| WHAT TO DO |
From the records below, print only the part that opens with the line containing "2024 Subaru Legacy Base" and closes with the line containing "Ph seal ncr pasig"; omit the pictures.

| MATERIAL FOR THE TASK |
■ ■ ■ ■ ■ ■ ■

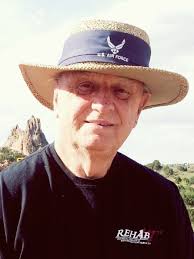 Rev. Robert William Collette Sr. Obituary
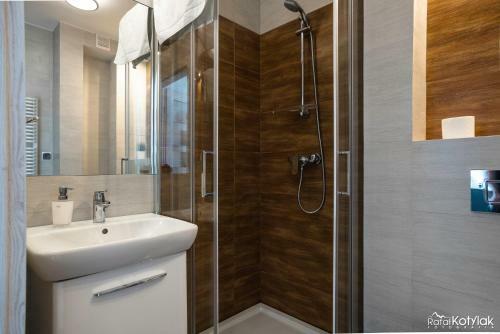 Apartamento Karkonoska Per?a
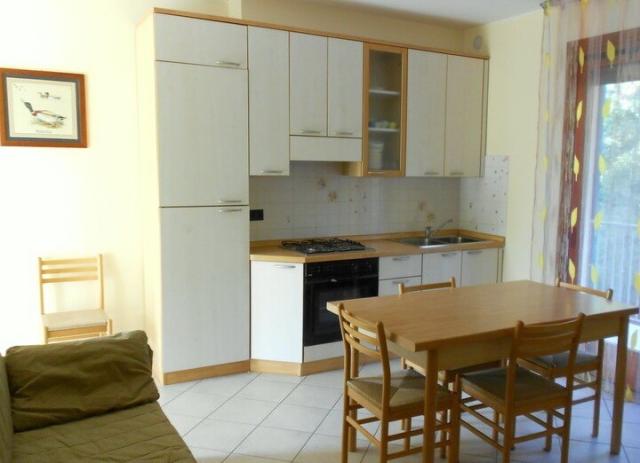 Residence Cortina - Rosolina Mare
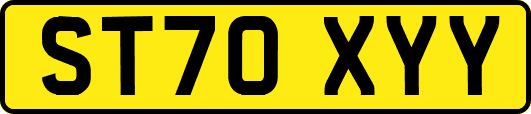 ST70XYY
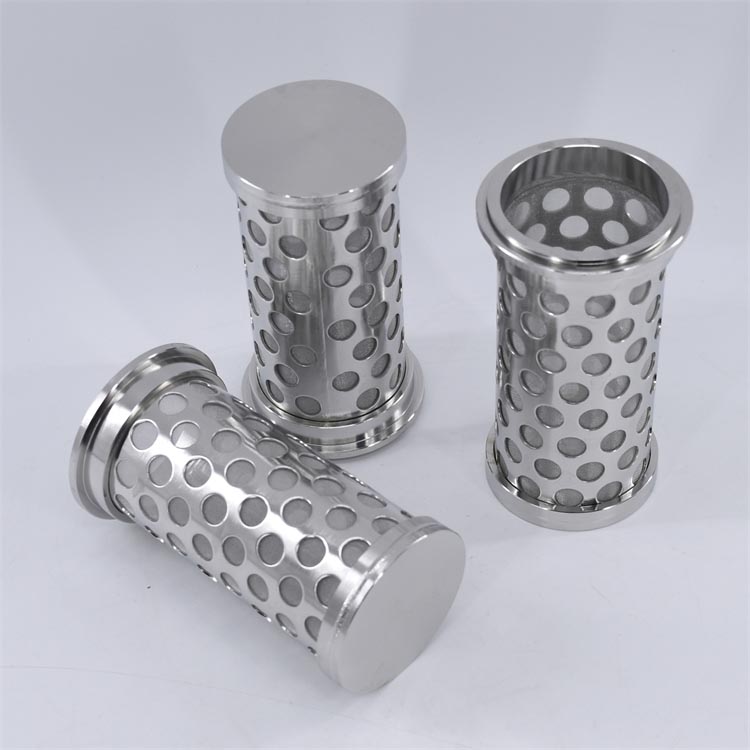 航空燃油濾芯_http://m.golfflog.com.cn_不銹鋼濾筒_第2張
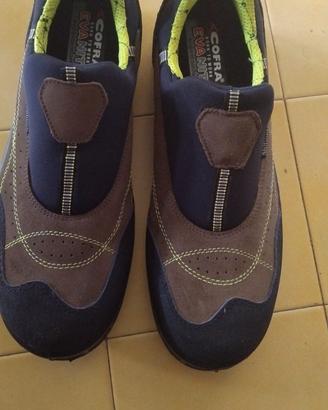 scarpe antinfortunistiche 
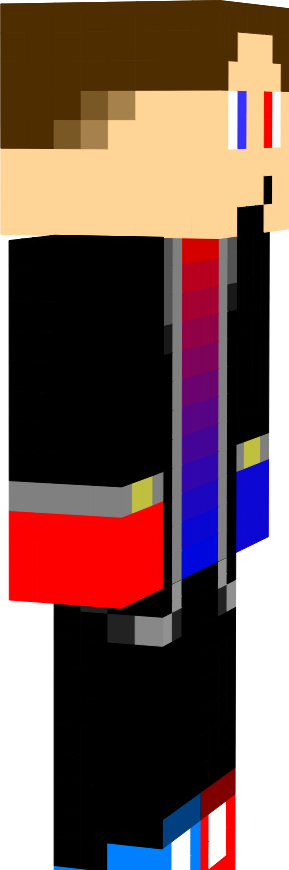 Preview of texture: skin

■ ■ ■ ■ ■ ■ ■

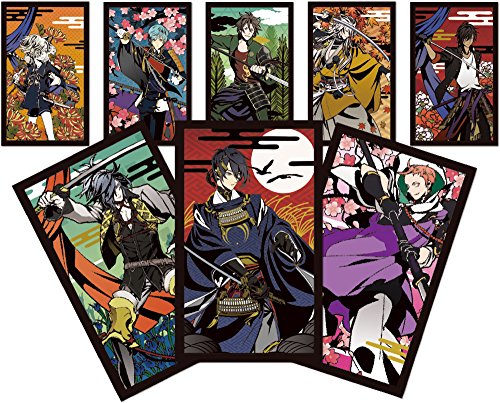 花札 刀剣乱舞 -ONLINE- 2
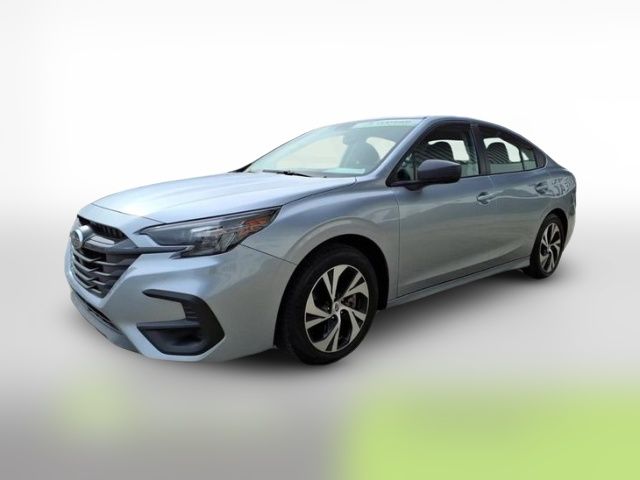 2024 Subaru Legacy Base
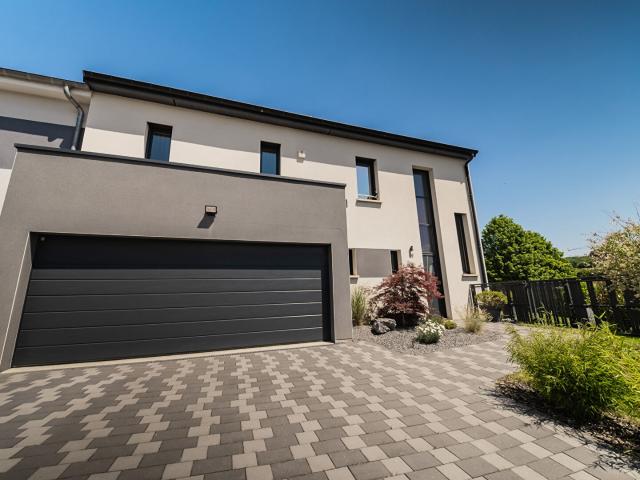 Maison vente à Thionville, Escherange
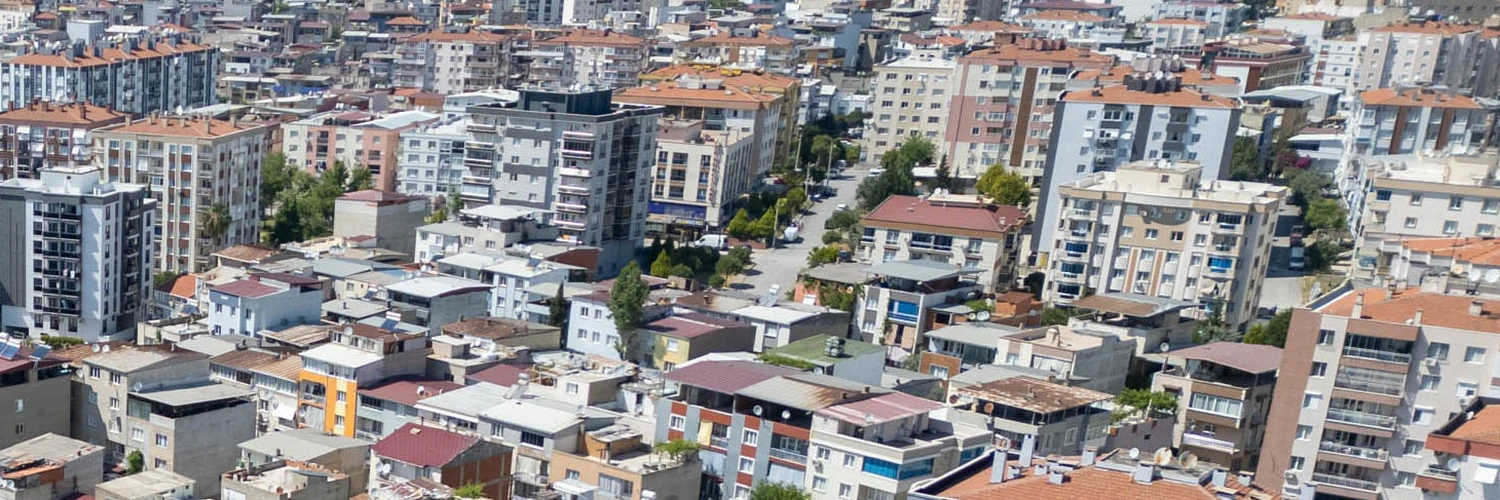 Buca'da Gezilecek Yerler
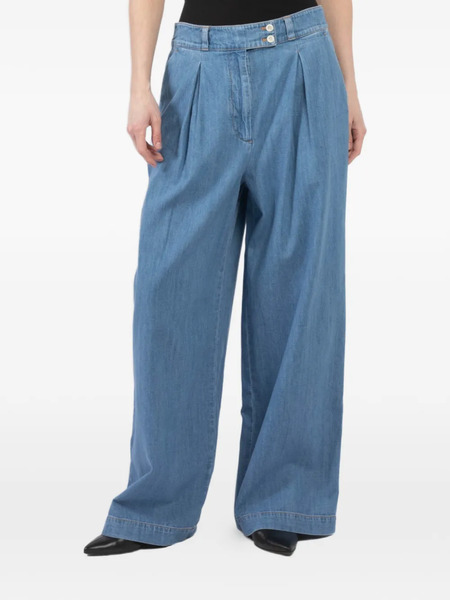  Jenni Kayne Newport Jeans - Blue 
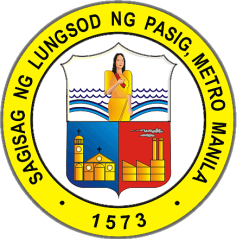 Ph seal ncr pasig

■ ■ ■ ■ ■ ■ ■

| FINISHED EXERCISE |
 2024 Subaru Legacy Base
 Maison vente à Thionville, Escherange
 Buca'da Gezilecek Yerler
  Jenni Kayne Newport Jeans - Blue 
 Ph seal ncr pasig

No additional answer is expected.